When copying the entries below, leave out every picture and keep the rest exact.

--------

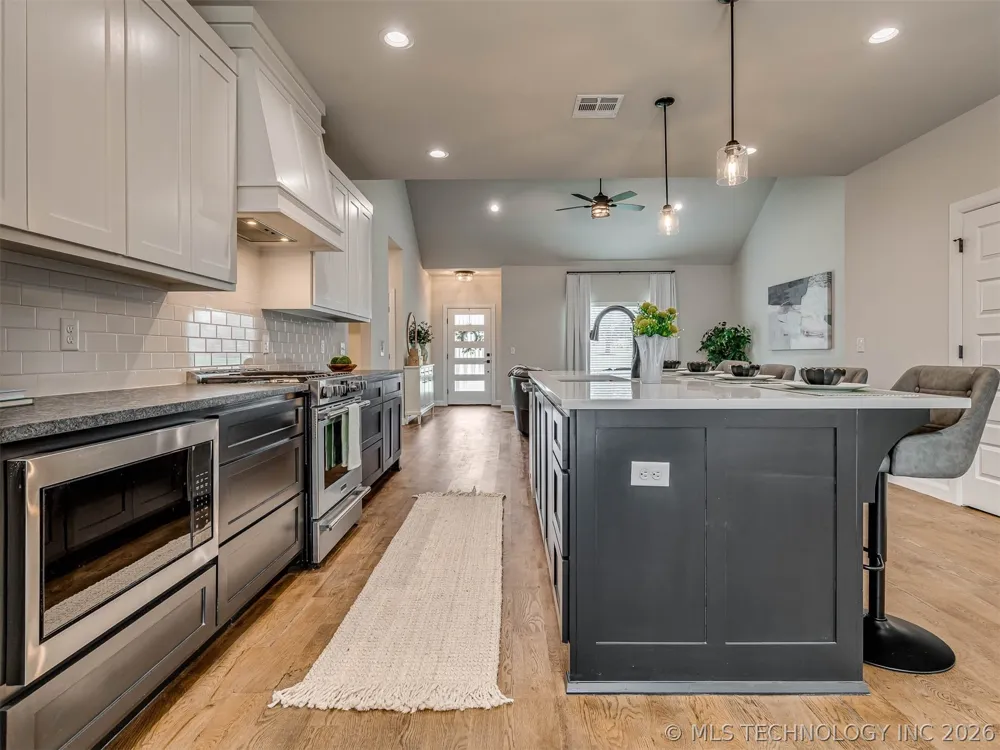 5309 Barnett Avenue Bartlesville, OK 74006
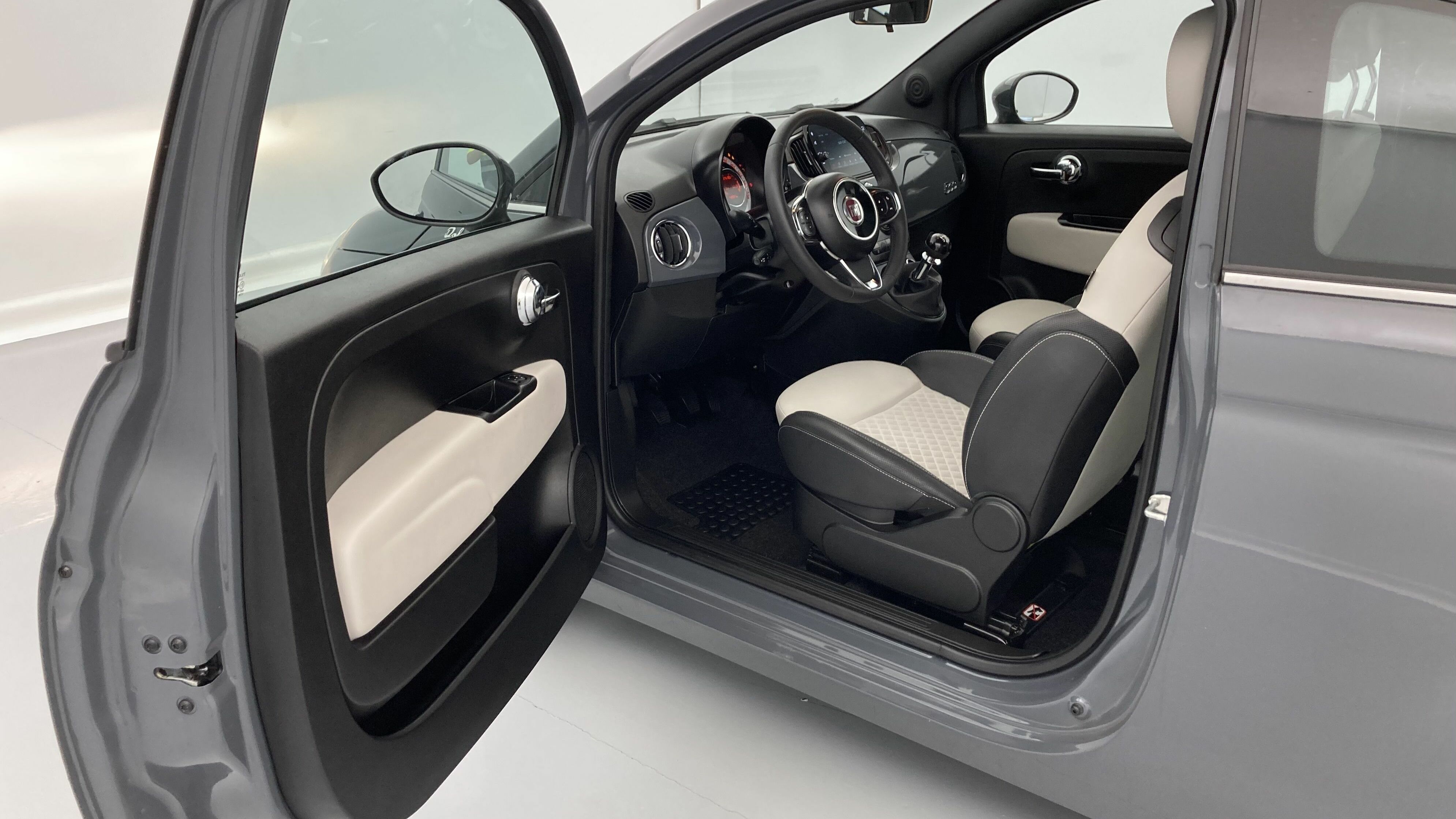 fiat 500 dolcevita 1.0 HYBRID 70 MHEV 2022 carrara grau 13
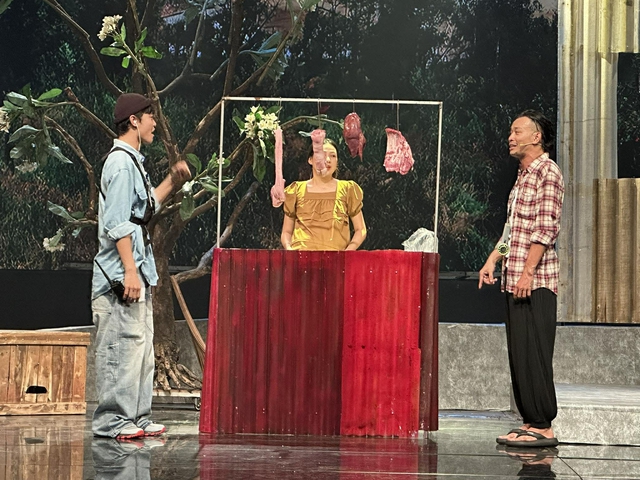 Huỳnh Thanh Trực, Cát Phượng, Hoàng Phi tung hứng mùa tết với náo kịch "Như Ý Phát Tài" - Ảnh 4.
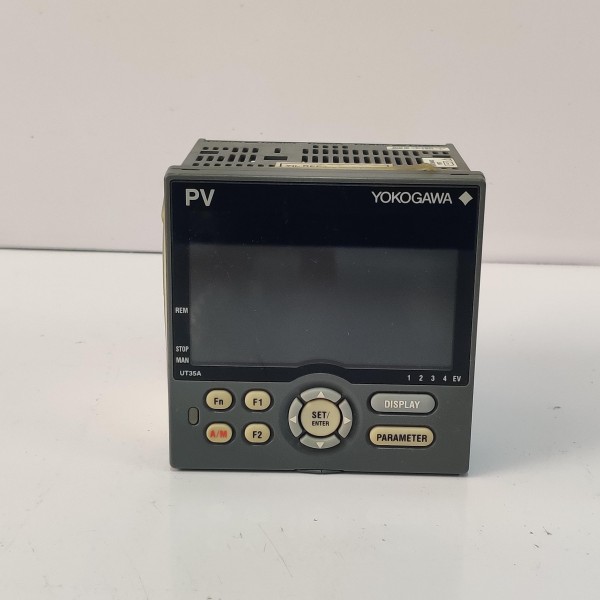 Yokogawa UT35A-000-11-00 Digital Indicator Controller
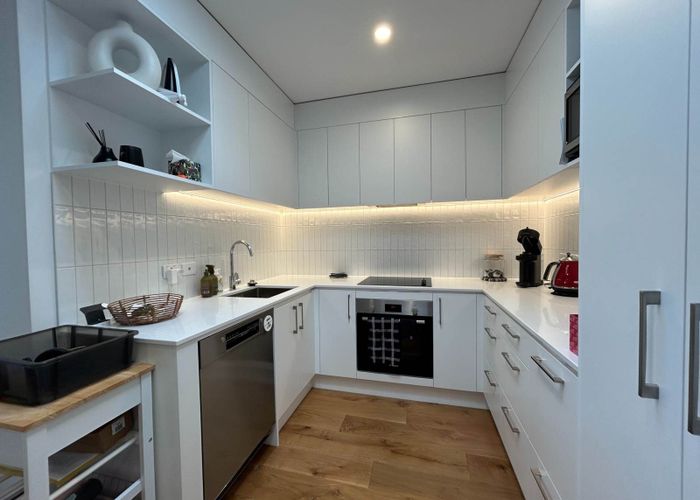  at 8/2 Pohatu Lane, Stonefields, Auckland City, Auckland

--------

▸ Reply:
 5309 Barnett Avenue Bartlesville, OK 74006
 fiat 500 dolcevita 1.0 HYBRID 70 MHEV 2022 carrara grau 13
 Huỳnh Thanh Trực, Cát Phượng, Hoàng Phi tung hứng mùa tết với náo kịch "Như Ý Phát Tài" - Ảnh 4.
 Yokogawa UT35A-000-11-00 Digital Indicator Controller
  at 8/2 Pohatu Lane, Stonefields, Auckland City, Auckland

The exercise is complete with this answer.